An anonymous reader writes "In 2006, heads rolled at AOL after the company released anonymized logs of user searches. With last week's announcement that researchers had been able to learn the identities of users in the scrubbed Netflix dataset, could the days of companies sharing data with academic researchers be numbered? Shortly after the AOL incident, Google's Eric Schmidt called the data release 'a terrible thing,' and assured the public that 'this kind of thing could not happen at Google.' Will any high tech company ever take this kind of chance again? If not, how will this impact research and and the development of future technologies that could have come from the study of real data?"

4 of 85 comments (clear)

  1. Correlations by Lachryma · · Score: 5, Insightful
    The identities were learned because the users shared their movie preference information with IMDB.

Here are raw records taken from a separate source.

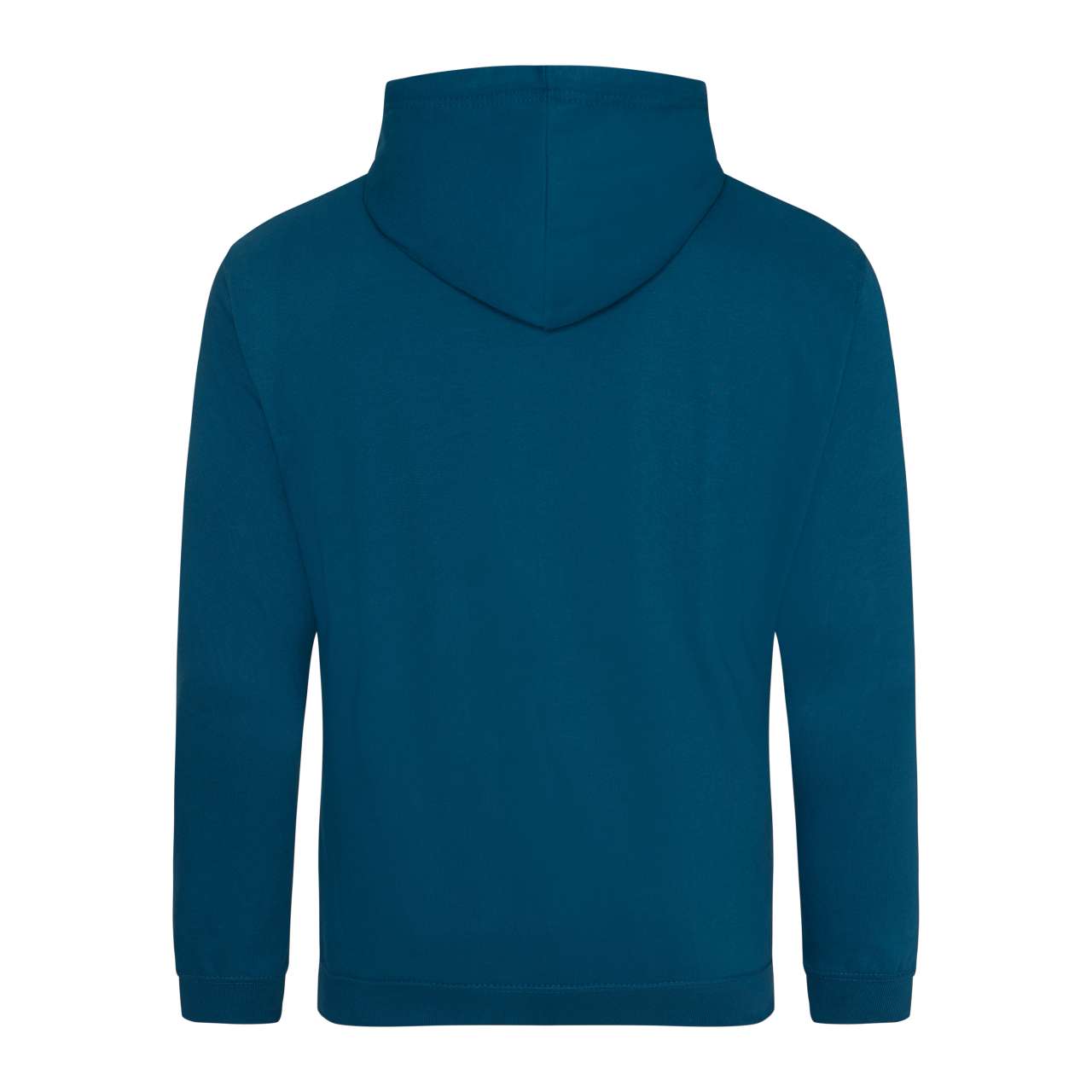 COLLEGE HOODIE - Deep Sea Blue - Additional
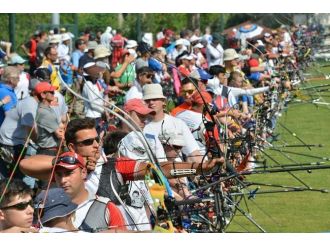 52 Ülke, World Cup Antalya’ya İçin Konyaaltı’nda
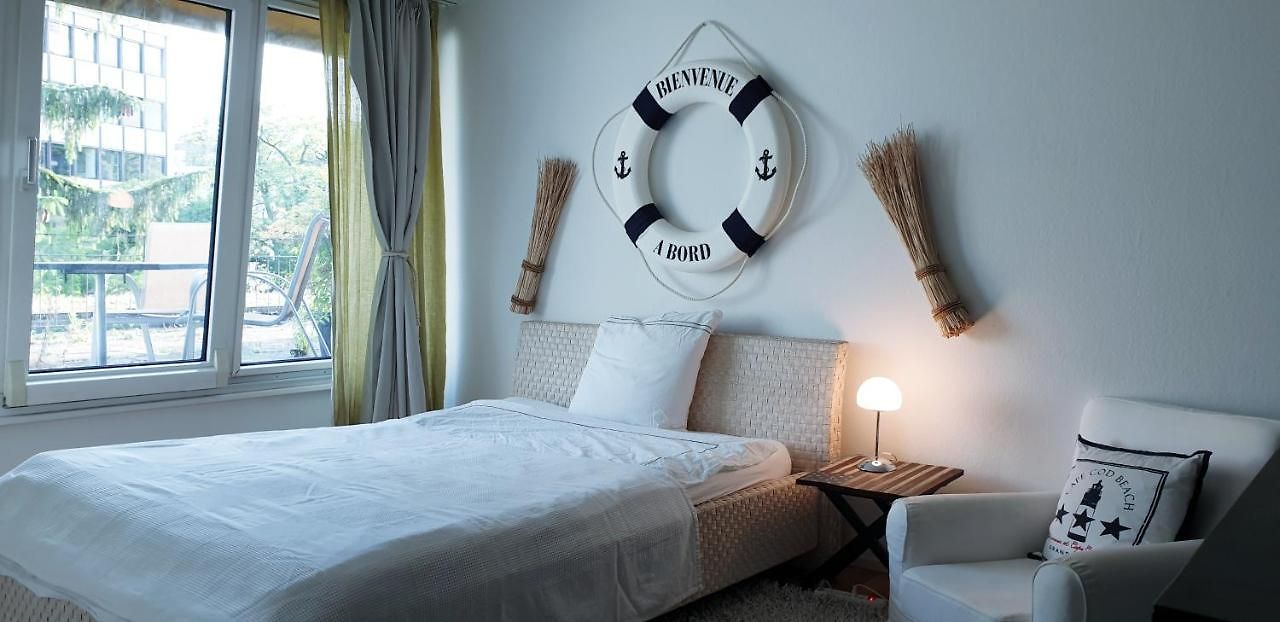 Hotel Riverside Maisonette Paradeplatz Zürich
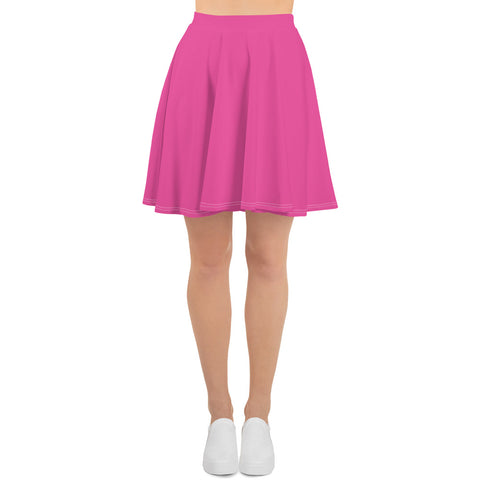 Hoodies4You "Look Like Barbie" "Halloween" Women White/pink Skirt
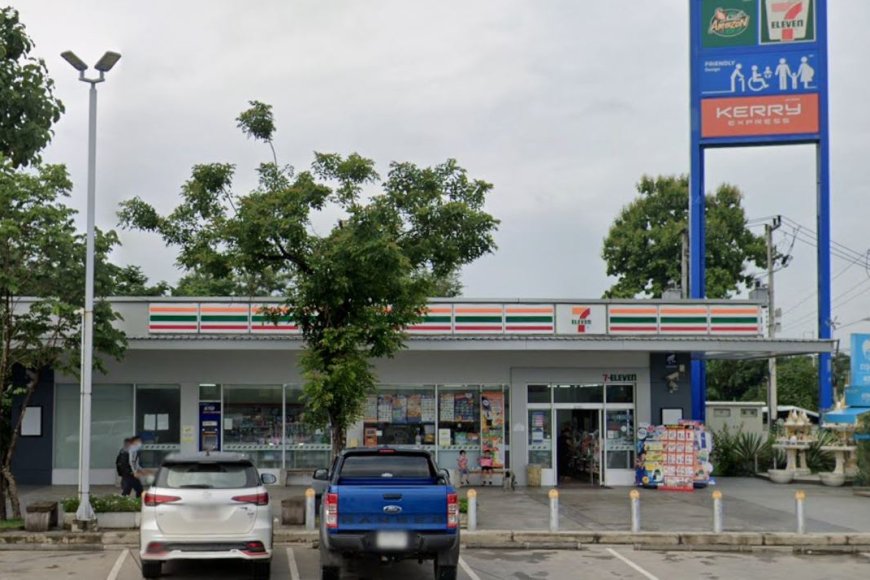 7-Eleven สาขา PTTOR แม่ปะ 12003
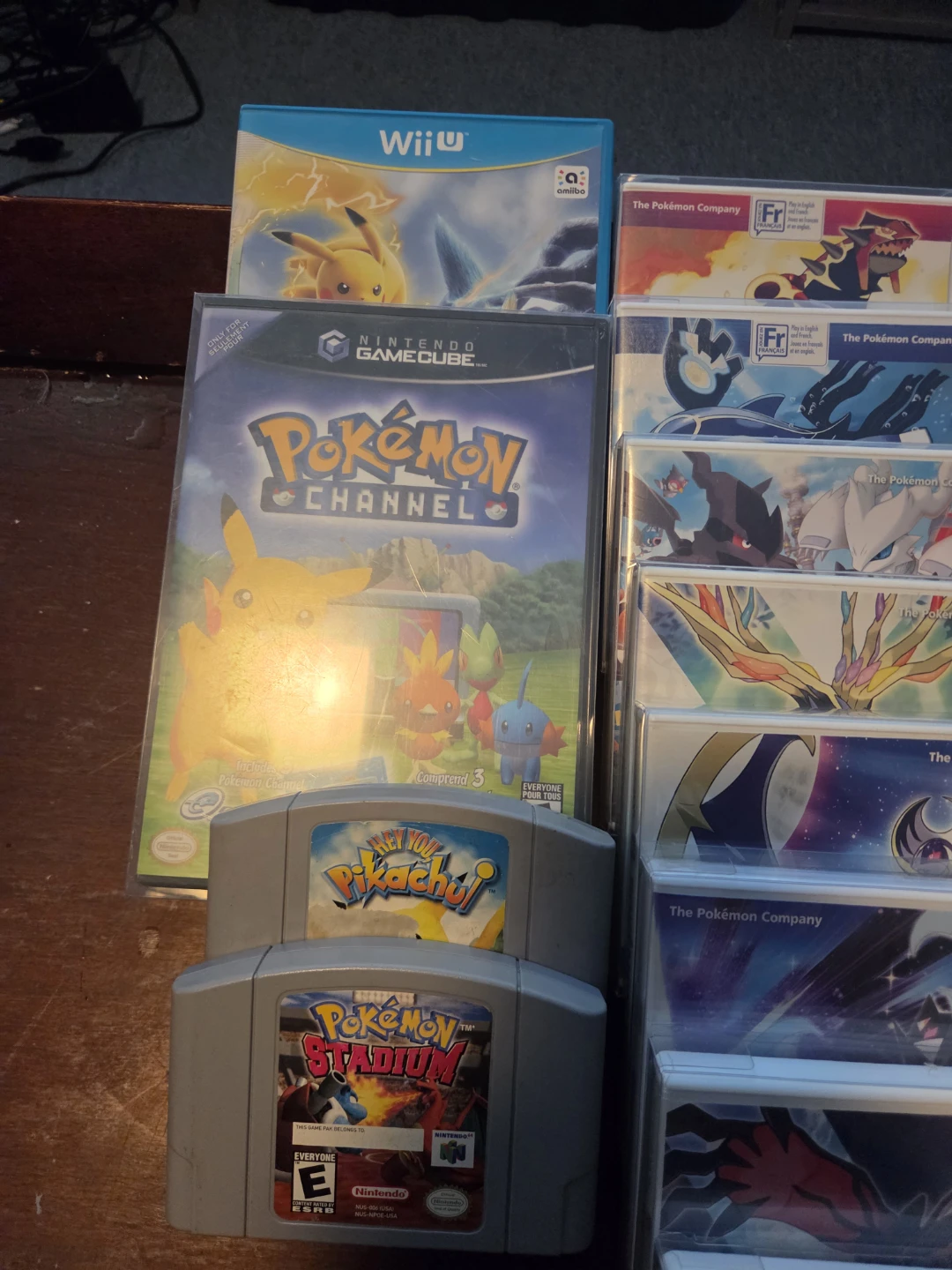 Pokemon games for sale! - photo 4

    I don't see this as a problem, yet.

  2. The Impact by flaming+error · · Score: 4, Insightful

    > how will this impact research and and the development
    > of future technologies that could have come from the
    > study of real data?

    It's definitely a hindrance. Kind of like not letting cops search houses without permission.

  3. Re:Opt-in by kcwhitta · · Score: 5, Insightful

    The problem with opt-in statistical gathering is that they can skew a sample, subtly biasing it. This would invalidate a lot of scientific research.

  4. research for the sake of? by BlowChunx · · Score: 4, Insightful

    I love this quote from TFA:
    "Companies do not make money by giving researchers access to data. "

    Wrong! Netflix released data to get a better recommendation system. The better they can pick movies for you, the more you will like their service. The $1million prize is peanuts compared to the increase in revenue a better system can bring.

    I wonder if anyone has estimated the value of the man hours invested in this contest?